▶ [What you will do]
In your copy, reproduce each entry exactly and include no picture.

▶ [Records provided]
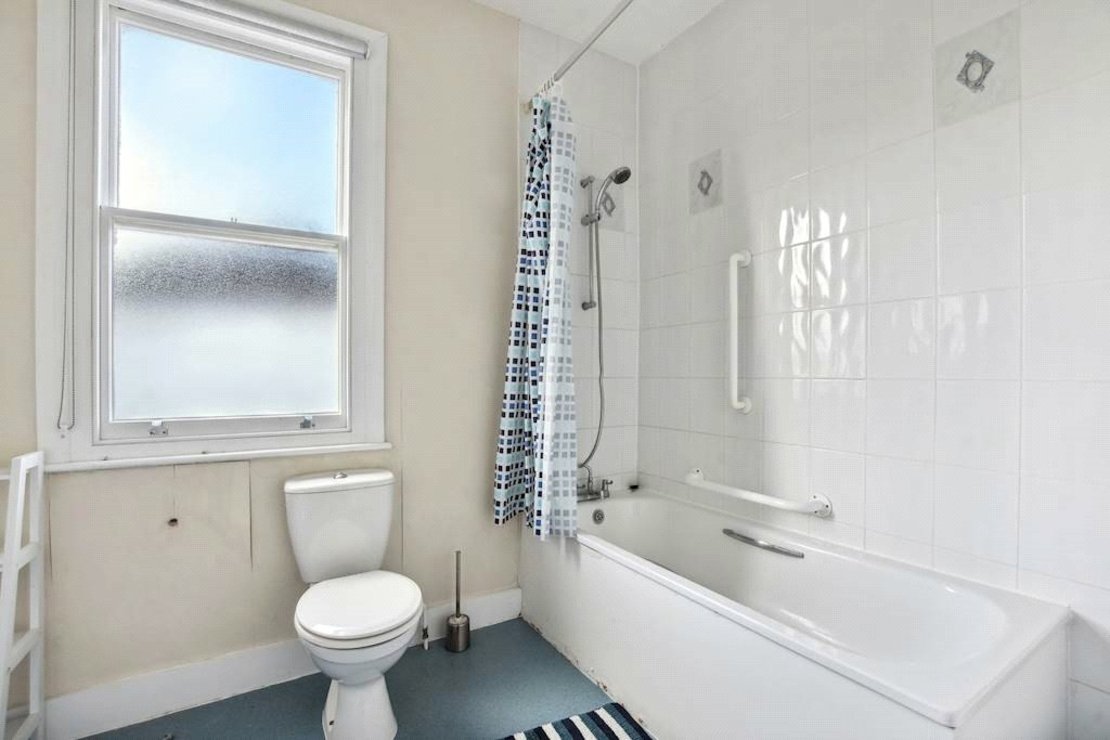 5 bedroom House for sale in Tetherdown-view8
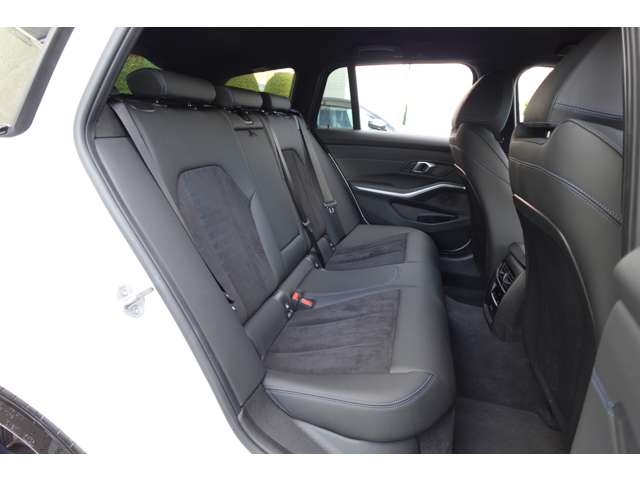 ＢＭＷ ３シリーズ ３１８Ｉ Ｍスポーツ R6年 (近畿) 99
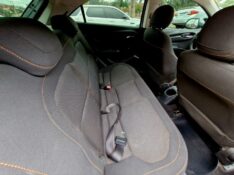 CHEVROLET ONIX HATCH LT 1.0 8V FLEXPOWER 5P MEC. 2013/2014 CRUZEIRO MULTIMARCAS CRUZEIRO DO SUL / Carros no Vale
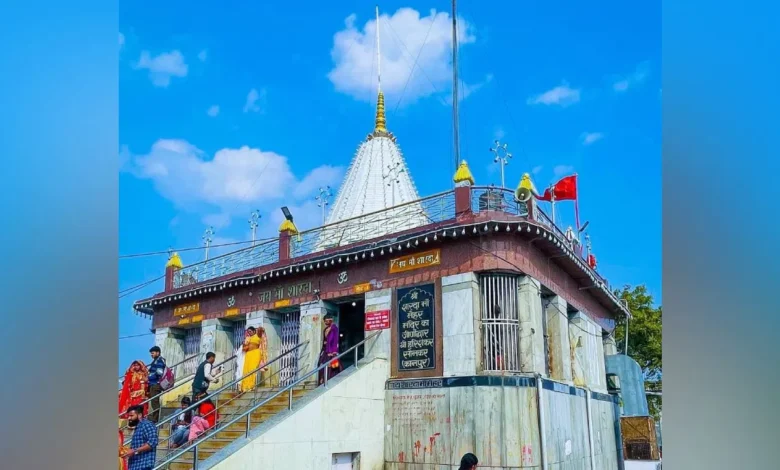 chaitra navratri 2023 interesting story about maihar devi temple in satna where alha udal is still coming for devi puja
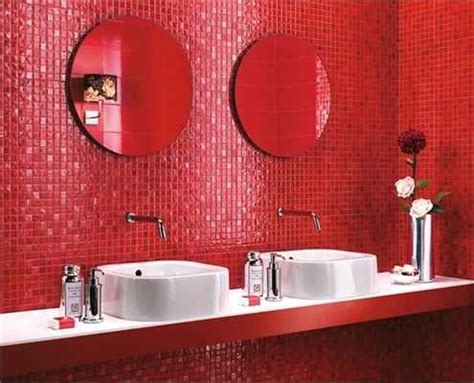 This unusual design really gives this space a bold, graphic look that's modern and trendy. Modern Wall Tiles in Red Colors Creating Stunning Bathroom ...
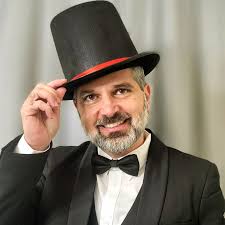 The Best Magicians for Hire in Harrah, OK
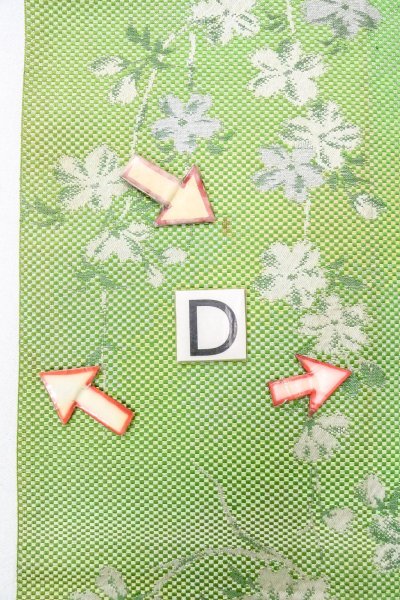 画像15: O0606Q 八寸（袋名古屋）帯 女性用着物 シルク（正絹）  光沢のある 黄緑色 桜 【中古】 【USED】 【リサイクル】 ★★☆☆☆ (15)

▶ [Solution]
 5 bedroom House for sale in Tetherdown-view8
 ＢＭＷ ３シリーズ ３１８Ｉ Ｍスポーツ R6年 (近畿) 99
 CHEVROLET ONIX HATCH LT 1.0 8V FLEXPOWER 5P MEC. 2013/2014 CRUZEIRO MULTIMARCAS CRUZEIRO DO SUL / Carros no Vale
 chaitra navratri 2023 interesting story about maihar devi temple in satna where alha udal is still coming for devi puja
 This unusual design really gives this space a bold, graphic look that's modern and trendy. Modern Wall Tiles in Red Colors Creating Stunning Bathroom ...
 The Best Magicians for Hire in Harrah, OK
 画像15: O0606Q 八寸（袋名古屋）帯 女性用着物 シルク（正絹）  光沢のある 黄緑色 桜 【中古】 【USED】 【リサイクル】 ★★☆☆☆ (15)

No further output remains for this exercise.